Brenda and Mike Harrison ’64 of Midland, Texas, were early supporters of Lead On, making a $10 million gift in December 2019 that established the Brenda and Mike Harrison Endowed Scholarship for students from middle-income families.

“We have a strong desire to help students whose families do not earn enough to afford a TCU education but earn too much to qualify for meaningful scholarships and other financial aid,” Mike Harrison said. “These very qualified and deserving students should have every opportunity to become Horned Frogs.”

The gift of an endowed scholarship — there were 1,049 such scholarships as of May 2023 — fuels connections. As director of donor relations, Karen Crouch ’79 asks students to write to the people who funded their scholarship.

“Some students establish lifelong relationships with their donors, exchanging Christmas cards, inviting them to weddings, sending them birth announcements,” Crouch said.

Lead On’s supporters shared a passion for the university’s mission to shape ethical leaders in a global marketplace. The campaign included more than $709 million for initiatives centering on people and programs, with most of the balance of the money for facilities. More than a third of the money raised, $370 million, has been committed to the endowment, which now sits at $2.6 billion.

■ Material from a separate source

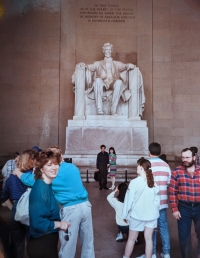 Iveta Clarke in front of the an Abraham Lincoln statue in the United States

“Establishing a $1 billion goal right from the beginning was pretty bold,” Whelan said. “There are less than a dozen universities in the country of our size and scope that have conducted billion-dollar campaigns.”

During the Lead On campaign in 2021, the Bezos Family Foundation gave TCU $5 million, some of which went to the College of Education to endow a chair in early childhood education, now occupied by Jan Lacina. Her research examines literacy, early childhood/elementary education and teacher education.

“We love naming buildings for donors, but that only allows us to recognize them for the building’s lifespan, which is 50 years or so,” Whelan said. “An endowed chair is in perpetuity, and the power of the endowment over time is extraordinary.”

“I firmly believe in the transformative power of the endowment through education,” said Safran, who noted that the Trustees hope to reduce dependence on tuition as the endowment increases. “TCU’s endowment is a very powerful force for good.”